Start of Data excerpts

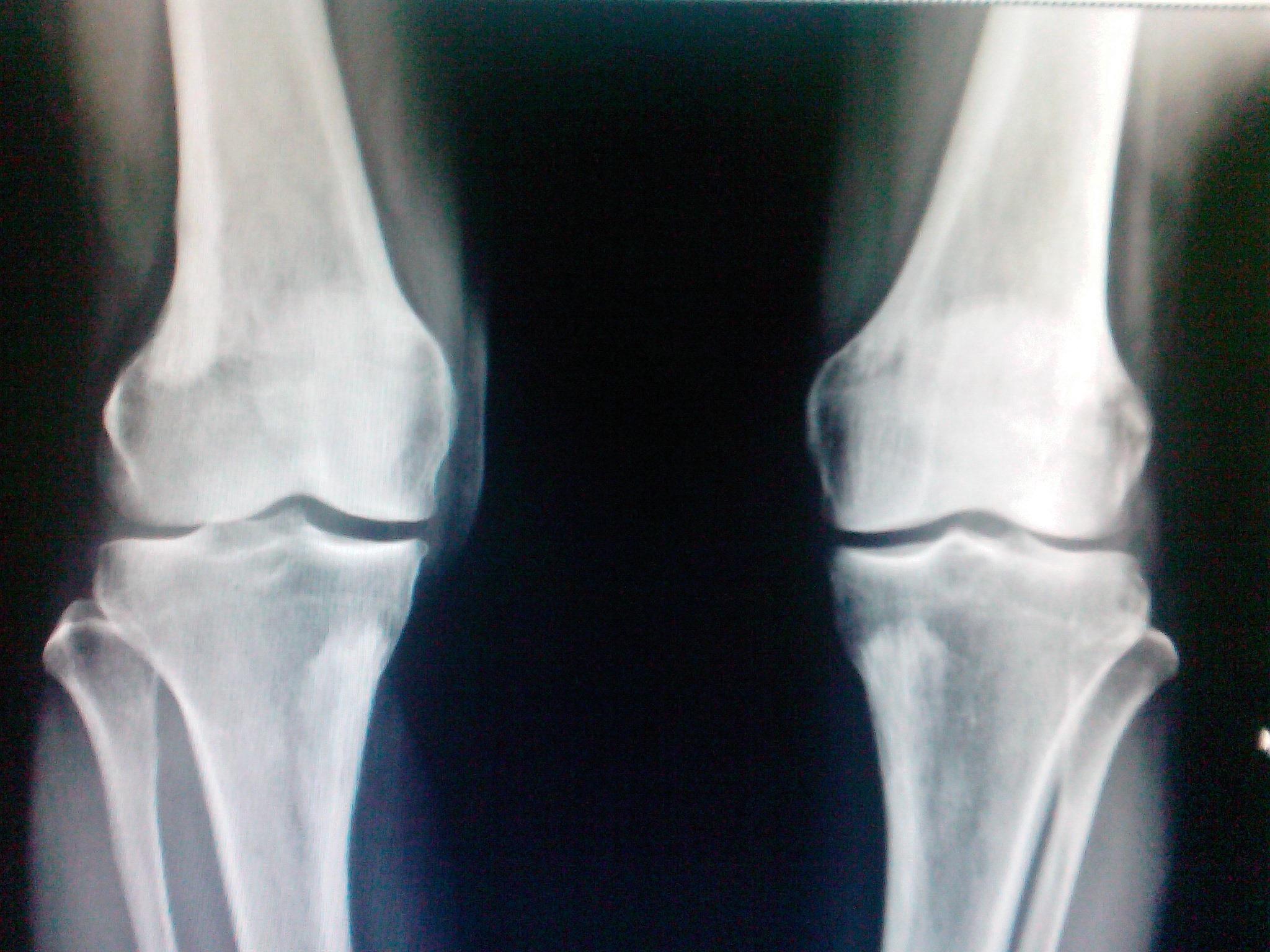 膝盖正常x光片子图片图片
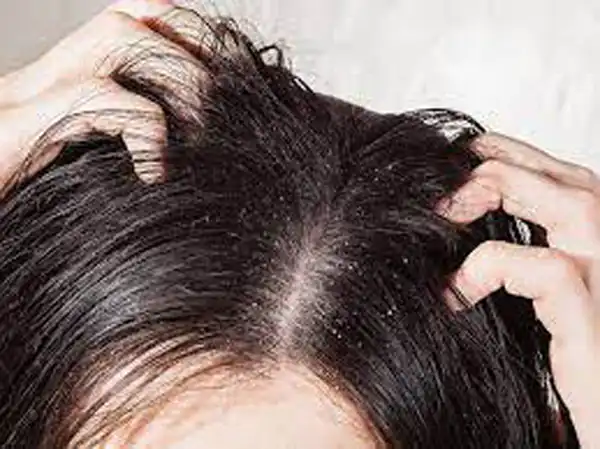 تعبیر خواب ساس در موی سر برای زن متاهل و باردار و دختر مجرد از روانشناسی
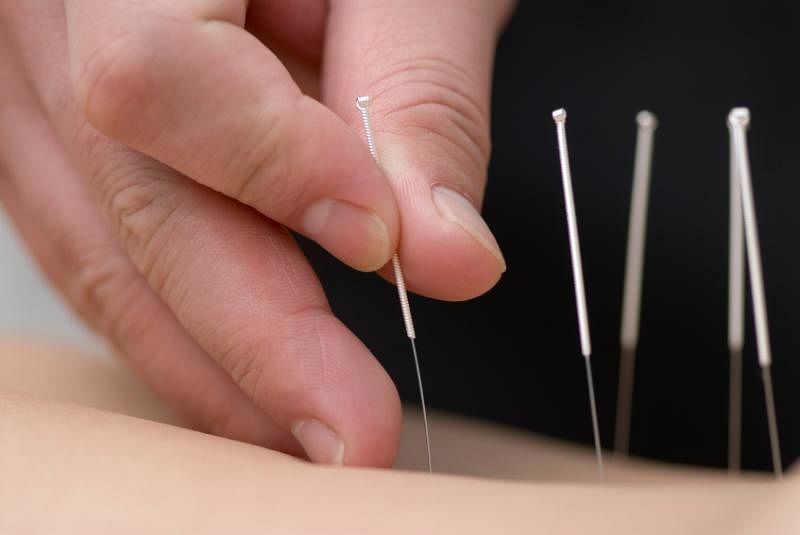 Acupuncture can bring significant improvements in fatigue, anxiety and depression in as little as eight weeks for early stage breast cancer patients, a study shows. File photo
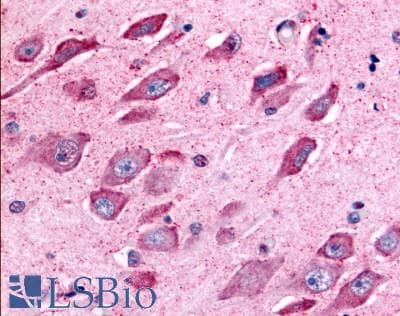 PathPlus™ TAOK1 / TAO1 Antibody (Internal)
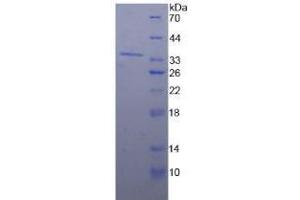 SDS-PAGE analysis of Human Nucleoporin 98 kDa Protein.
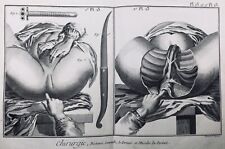 Usado, Ginecologia IN 1779 Obstetrícia Períneo Gravura Medicina Enciclopédie Diderot comprar usado  Enviando para Brazil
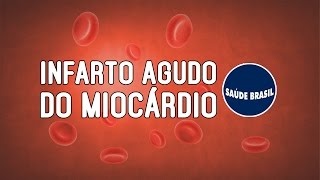 INFARTO AGUDO DO MIOCÁRDIO  SÉRIE SAÚDE BRASIL [upl. by Notnirb]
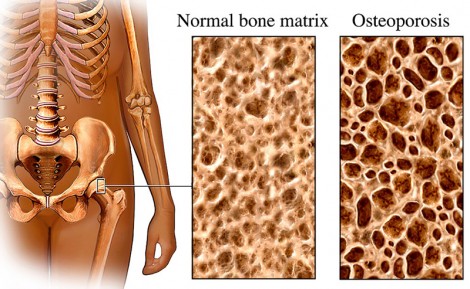 Xác định gien liên quan đến loãng xương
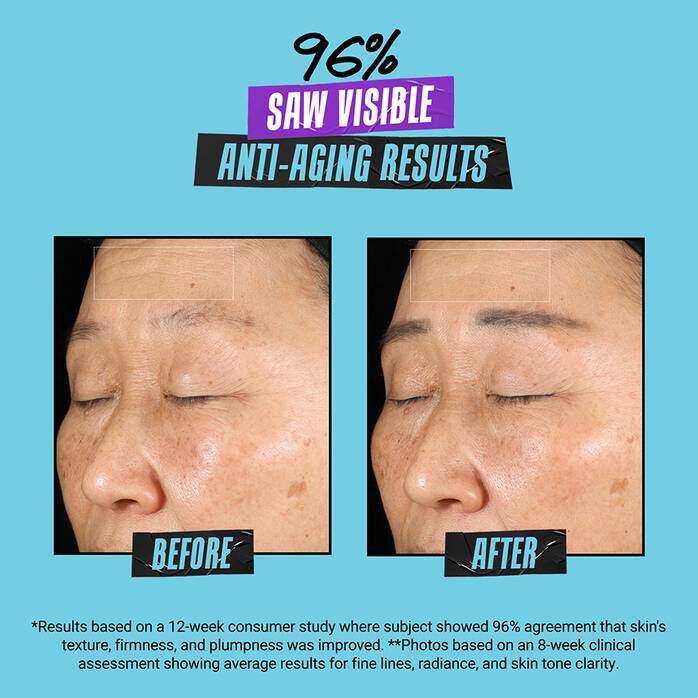 Super Multi Corrective Soft Cream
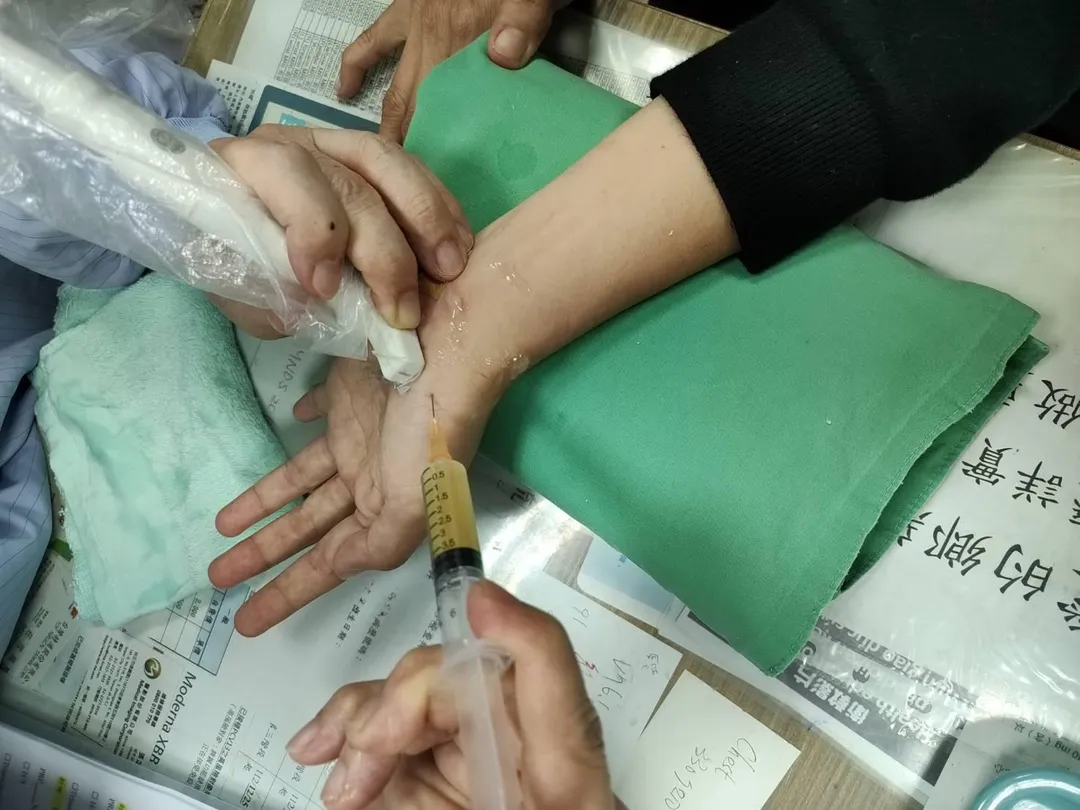 員榮神經內科主任葉宗勳醫師,使用超音波導引為患者施打PRP,解決患者術後麻痺的問題。(圖/員榮醫院)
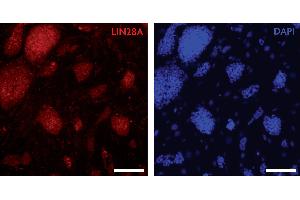 LIN28A antibody (pAb) tested by Immunocytochemistry Mouse embryonic stem cells (mESCs) grown on mouse embryonic fibroblast feeder cells (MEFs) were fixed with 4 % paraformaldehyde for 10 minutes at room temperature. (LIN28A antibody  (C-Term))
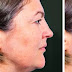 Best Plastic Surgeons in Dubai for Profhilo Top Clinics to Trust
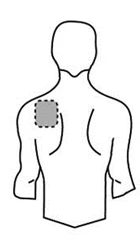 Schematic drawing of a male torso viewed from the back, with a dashed gray circle indicating the application site on the left shoulder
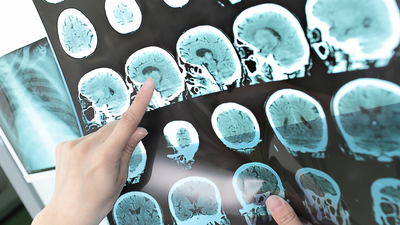 ALS belirtilerine dikkat!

End of Data excerpts

Problem description:
Write out all the data exactly, minus pictures.

Result for this exercise:
 膝盖正常x光片子图片图片
 تعبیر خواب ساس در موی سر برای زن متاهل و باردار و دختر مجرد از روانشناسی
 Acupuncture can bring significant improvements in fatigue, anxiety and depression in as little as eight weeks for early stage breast cancer patients, a study shows. File photo
 PathPlus™ TAOK1 / TAO1 Antibody (Internal)
 SDS-PAGE analysis of Human Nucleoporin 98 kDa Protein.
 Usado, Ginecologia IN 1779 Obstetrícia Períneo Gravura Medicina Enciclopédie Diderot comprar usado  Enviando para Brazil
 INFARTO AGUDO DO MIOCÁRDIO  SÉRIE SAÚDE BRASIL [upl. by Notnirb]
 Xác định gien liên quan đến loãng xương
 Super Multi Corrective Soft Cream
 員榮神經內科主任葉宗勳醫師,使用超音波導引為患者施打PRP,解決患者術後麻痺的問題。(圖/員榮醫院)
 LIN28A antibody (pAb) tested by Immunocytochemistry Mouse embryonic stem cells (mESCs) grown on mouse embryonic fibroblast feeder cells (MEFs) were fixed with 4 % paraformaldehyde for 10 minutes at room temperature. (LIN28A antibody  (C-Term))
 Best Plastic Surgeons in Dubai for Profhilo Top Clinics to Trust
 Schematic drawing of a male torso viewed from the back, with a dashed gray circle indicating the application site on the left shoulder
 ALS belirtilerine dikkat!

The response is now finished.